月刊バスケットボール5月号

【東海大会】変革の時を迎える桜丘の新指揮官・水越悠太コーチ「どんな状態でもディフェンスで安定したチームがテーマ」

 

 6月18日に開幕した東海大会は初日を終え、男子ベスト4にコマを進めたのは中部大第一、富田、高山西、桜丘の4校。このうち、シードの中部大第一を除く3チームは1回戦からの登場で、ダブルヘッダーでの連勝を飾っている。

 

 中でも、際立った存在感を放ったのが桜丘だ。今年度は、昨年度までの17年間チームを率いた江﨑悟コーチが退任し、新たに水越悠太コーチがそのバトンを引き継いだ。水越コーチは2018年までB3リーグ所属の豊田合成スコーピオンズに在籍し、現役を引退。昨年度までは桜丘高の付属である桜丘中の指導にあたり、今年度から高校へ指導のステージを移した人物だ。

 

 そんな水越コーチが今年のテーマに掲げているのがディフェンス。桜丘は愛知県の第2代表としてインターハイ出場が決まっているが、「実はここまではオフェンスの戦術的なところはほとんど何もできていなくて、練習の8割ぐらいをずっとディフェンスに費やしてきました。今年はディフェンスを崩さない、相手からも崩されないこと。どんな状態でもディフェンスで安定したチームというのをインターハイに向けたテーマにやっています」と、ディフェンスの基礎固めに徹底的に時間を割いてきた。

 

水越コーチは試合中に選手とも積極的にコミュニケーションを取っていた

 

 初日の2試合でも1回戦では飛龍を52得点に抑える好守を見せ、2回戦の美濃加茂戦でも3Q終了時点の10点ビハインド(57-67)をディフェンスで覆し、見事な逆転勝利(88-79)をつかむなど、その力を垣間見せていた。
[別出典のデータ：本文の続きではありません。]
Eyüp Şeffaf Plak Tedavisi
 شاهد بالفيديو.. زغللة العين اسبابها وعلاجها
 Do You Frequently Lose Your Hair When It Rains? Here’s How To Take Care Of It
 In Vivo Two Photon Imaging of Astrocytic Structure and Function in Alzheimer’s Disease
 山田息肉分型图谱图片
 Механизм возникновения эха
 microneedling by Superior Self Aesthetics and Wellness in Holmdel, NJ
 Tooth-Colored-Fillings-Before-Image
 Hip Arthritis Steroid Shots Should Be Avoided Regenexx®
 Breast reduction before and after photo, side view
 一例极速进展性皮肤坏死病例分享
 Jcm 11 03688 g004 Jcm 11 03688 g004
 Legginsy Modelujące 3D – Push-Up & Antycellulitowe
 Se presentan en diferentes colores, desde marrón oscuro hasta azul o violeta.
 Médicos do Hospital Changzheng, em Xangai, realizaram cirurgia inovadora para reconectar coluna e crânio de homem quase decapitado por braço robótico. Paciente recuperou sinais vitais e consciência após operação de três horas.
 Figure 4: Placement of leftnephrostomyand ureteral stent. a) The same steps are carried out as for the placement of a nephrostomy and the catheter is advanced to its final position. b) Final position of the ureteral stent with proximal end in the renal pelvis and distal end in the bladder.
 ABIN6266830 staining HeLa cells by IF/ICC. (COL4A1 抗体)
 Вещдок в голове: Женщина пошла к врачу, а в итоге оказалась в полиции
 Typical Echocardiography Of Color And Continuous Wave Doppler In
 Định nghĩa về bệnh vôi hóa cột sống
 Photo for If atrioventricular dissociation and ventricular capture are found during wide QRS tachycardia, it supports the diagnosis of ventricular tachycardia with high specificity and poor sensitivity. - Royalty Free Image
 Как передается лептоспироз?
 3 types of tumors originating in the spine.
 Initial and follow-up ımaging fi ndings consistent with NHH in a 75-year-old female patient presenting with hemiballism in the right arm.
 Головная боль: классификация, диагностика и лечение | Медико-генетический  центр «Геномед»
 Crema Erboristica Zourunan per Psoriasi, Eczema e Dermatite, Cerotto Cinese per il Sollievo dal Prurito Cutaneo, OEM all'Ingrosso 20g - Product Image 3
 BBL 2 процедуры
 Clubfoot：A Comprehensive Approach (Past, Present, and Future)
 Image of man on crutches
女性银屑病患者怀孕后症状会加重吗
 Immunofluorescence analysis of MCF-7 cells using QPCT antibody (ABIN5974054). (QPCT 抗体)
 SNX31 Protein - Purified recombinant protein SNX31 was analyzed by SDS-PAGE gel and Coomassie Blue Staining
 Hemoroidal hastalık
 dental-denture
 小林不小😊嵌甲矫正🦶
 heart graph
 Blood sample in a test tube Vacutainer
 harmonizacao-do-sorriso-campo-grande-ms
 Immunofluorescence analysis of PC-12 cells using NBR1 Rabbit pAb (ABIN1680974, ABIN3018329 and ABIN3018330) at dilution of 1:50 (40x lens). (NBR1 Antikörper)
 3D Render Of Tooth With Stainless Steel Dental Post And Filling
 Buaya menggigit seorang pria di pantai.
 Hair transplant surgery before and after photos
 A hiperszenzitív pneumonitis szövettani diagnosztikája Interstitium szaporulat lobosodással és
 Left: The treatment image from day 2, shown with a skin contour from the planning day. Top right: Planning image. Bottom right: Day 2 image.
「この東海大会も含めて、今はまだインターハイ用のディフェンスを仕込んでいる段階で、まずは守りの部分を本戦までに作っていこうというところです」と言うが、この先の成長を予感させる出来だったことは間違いないだろう。

 

 そうしたディフェンス力の源となっているのが、チームのパッションだ。司令塔の#91土屋来嵐が「チームではマイナスな部分やそのネガティブな考えになったときに、それを方向を向けないようにすることを目標でやっていて、チームの士気が上がるように意識的にみんなでやっています」と言うように、どんな展開でも選手全員が声を出して味方を鼓舞し、プレーでもガードからフォワード、留学生まで粘り強くルーズボールに食らい付く姿が印象的。

 

抜群の突破力でチームをまとめ上げる#91土屋

 

日本人選手は前線からフィジカルなディフェンスを仕掛けて相手のミスを誘発し、留学生の#7セイ・パプ・マムルと#23ラワル・ソレイマンも3Pラインまでのロングクローズアウトもこなすなど、チームの誰もがハッスルプレーヤーとして味方を鼓舞。その守りから#91土屋、#9平寿哉、#1舘山洸騎らハンドリング力と突破力の高いガード陣を起点に、アップテンポなバスケットを展開し瞬く間にスコアしていくのだ。

 

ストリートボールを思わせる巧みなハンドリングスキルを持つ#1舘山

 

 そうしたスタイルを構築する中でも最も大きな変化は、桜丘の代名詞ともなっているエイトクロスを用いていないこと。それは「僕としては江﨑先生の指導のいい部分を引き継ぎながら、僕自身のカラーを出していきたいという思いがあります。僕は今32歳で、選手とも年齢が近いので彼らのやりたいことを聞いて『これをやりたいです』『じゃあ、それをやってみよう』とか、今いる選手たちにはどういうスタイルが合っているのかを考えながら、合うスタイルをもっともっと伸ばしていこうと思ってやっています」と言う水越コーチが、チームとともに新たなアイデンティティーを構築していることを象徴する出来事なのかもしれない。

 

 就任当初は「最初の1か月くらいは3年生はこっちを向いてくれないんです。彼らにとっては半信半疑なところもあっただろうし、ちょっと距離があって僕も彼らもやりづらかっただろうと思います」と苦労もあったそうだが、対外試合でトライ&エラーを繰り返しながら徐々にチームがまとまりつつある状況が、まさに今なのだ。

 

 築かれた伝統を全く新しいものに構築し直すには、多くの時間と労力が必要だ。まずは東海大会の決勝進出を目指しつつ、来るインターハイへ向けた経験値とスタイルの確立がテーマとなる。伝統のピンクのジャージは、新たな輝きを放つべく変革の時を迎えている。